This is a follow up to an older topic. Consider the following 2d Poisson Equation problem -\nabla ^2\mathbf{u}=\left( -1,-2 \right) with BC \mathbf{u}\left( \mathbf{x} \right) =\left( 1,2 \right) ,\mathbf{x}\in \partial \Omega where I simplify the problem somewhat since the BC won’t be 1 or 2 but results from another calculation on the mesh boundary points. The code is taken from the older topic Fenicsx: use an array of data for boundary conditions with some changes
from IPython import embed
import dolfinx
from mpi4py import MPI
import numpy as np
import random
import ufl
from dolfinx import fem
from petsc4py.PETSc import ScalarType
Nx = 5
Ny = 6
mesh = dolfinx.mesh.create_unit_square(MPI.COMM_WORLD, Nx, Ny)
V = dolfinx.fem.FunctionSpace(mesh, ("Lagrange", 1))
mesh.topology.create_connectivity(mesh.topology.dim-1, mesh.topology.dim)
boundary_facets = dolfinx.mesh.exterior_facet_indices(mesh.topology)
boundary_dofs = dolfinx.fem.locate_dofs_topological(V, mesh.topology.dim-1, boundary_facets)
u_bc_x = dolfinx.fem.Function(V)
u_bc_y = dolfinx.fem.Function(V)
mesh.topology.create_connectivity(mesh.topology.dim-1, mesh.topology.dim)
f_to_c = mesh.topology.connectivity(mesh.topology.dim-1, mesh.topology.dim)
mesh.topology.create_connectivity(mesh.topology.dim, mesh.topology.dim-1)
c_to_f = mesh.topology.connectivity(mesh.topology.dim, mesh.topology.dim-1)

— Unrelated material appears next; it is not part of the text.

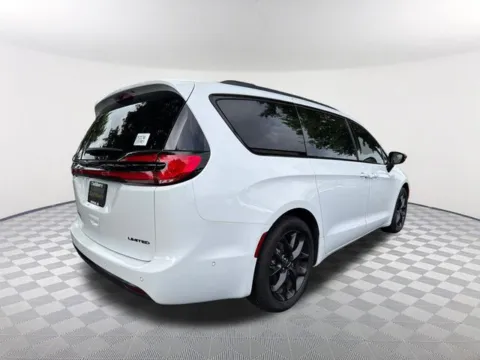 More photos of 2024 Chrysler Pacifica Limited at Southtowne Chevrolet Buick GMC, GA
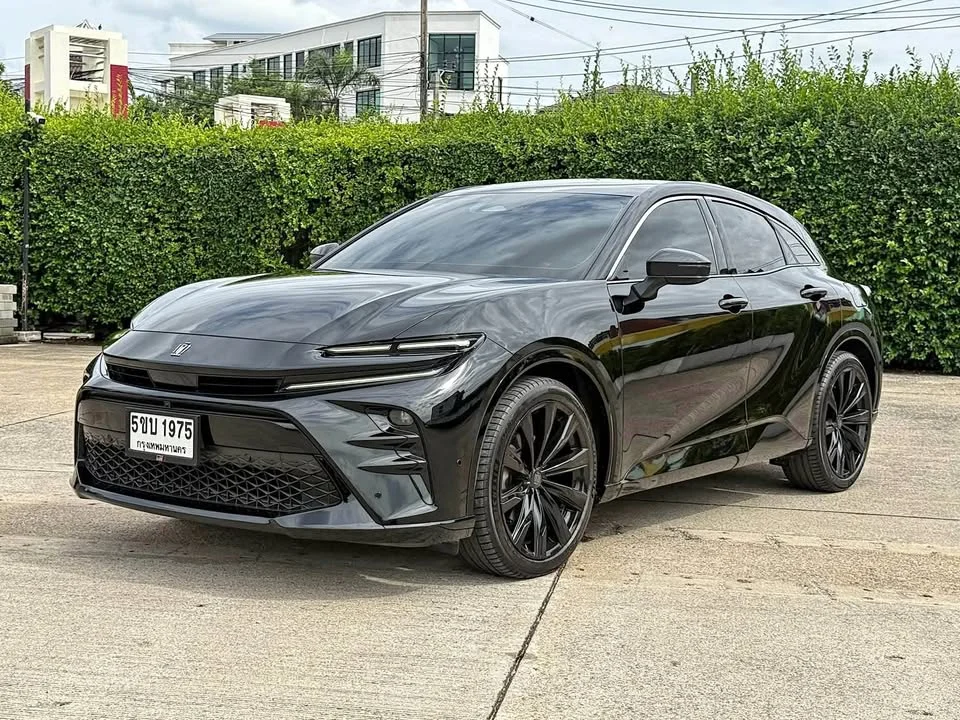 2024 Toyota Crown XVI (S235) 3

dof_layout = V.dofmap.dof_layout
coords = V.tabulate_dof_coordinates()
num_dofs = 0
bc_dofs = []
for facet in boundary_facets:
# Find local index for each facet
cells = f_to_c.links(facet)
assert len(cells) == 1
facets = c_to_f.links(cells[0])
local_index = np.flatnonzero(facets == facet)
# Find local index for dofs in cell
closure_dofs = dof_layout.entity_closure_dofs(
mesh.topology.dim-1, local_index)
cell_dofs = V.dofmap.cell_dofs(cells[0])
for dof in closure_dofs:
local_dof = cell_dofs[dof]
dof_coordinate = coords[local_dof]
print(local_dof, dof_coordinate)
for b in range(V.dofmap.bs):
num_dofs += 1
u_bc_x.x.array[local_dof * V.dofmap.bs + b] = 1
u_bc_y.x.array[local_dof * V.dofmap.bs + b] = 2
bc = dolfinx.fem.dirichletbc(u_bc_x, boundary_dofs)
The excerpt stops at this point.